*PROVIDED DATA:*
- - -

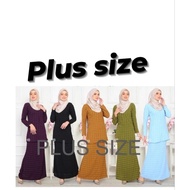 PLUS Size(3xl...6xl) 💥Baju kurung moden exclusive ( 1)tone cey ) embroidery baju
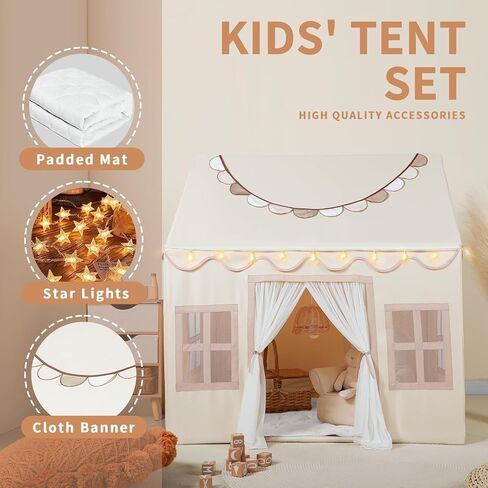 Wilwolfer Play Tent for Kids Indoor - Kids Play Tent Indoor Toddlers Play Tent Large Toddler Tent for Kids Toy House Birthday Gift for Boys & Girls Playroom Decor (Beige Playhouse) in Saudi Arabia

- - -

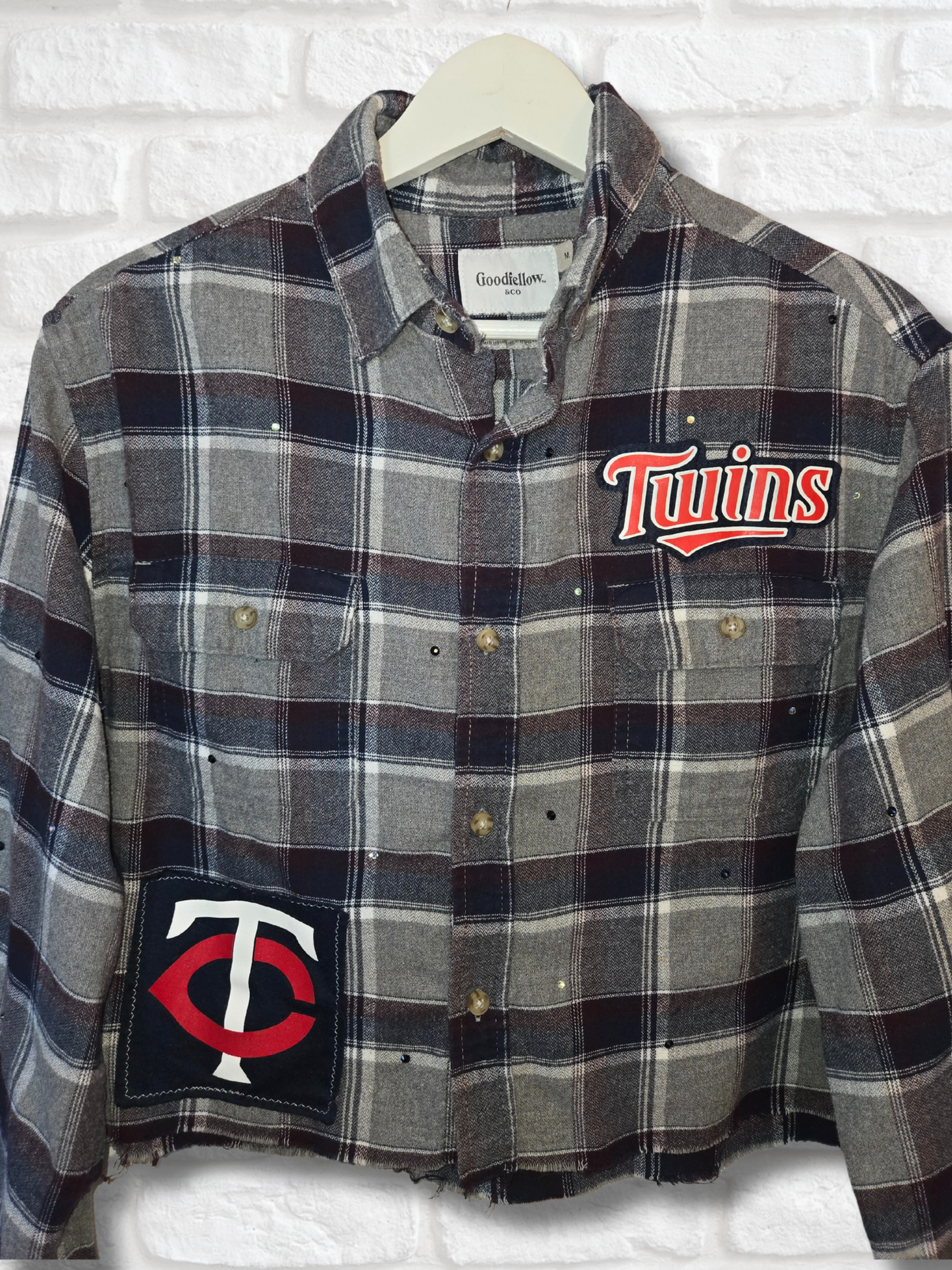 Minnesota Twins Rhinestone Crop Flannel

- - -

*EXERCISE DIRECTIONS:*
Word for word, restate the lines above from the one with "PLUS Size(3xl...6xl) 💥Baju" through the one with "Wilwolfer Play Tent", keeping both ends and dropping the pictures.

*SOLUTION:*
 PLUS Size(3xl...6xl) 💥Baju kurung moden exclusive ( 1)tone cey ) embroidery baju
 Wilwolfer Play Tent for Kids Indoor - Kids Play Tent Indoor Toddlers Play Tent Large Toddler Tent for Kids Toy House Birthday Gift for Boys & Girls Playroom Decor (Beige Playhouse) in Saudi Arabia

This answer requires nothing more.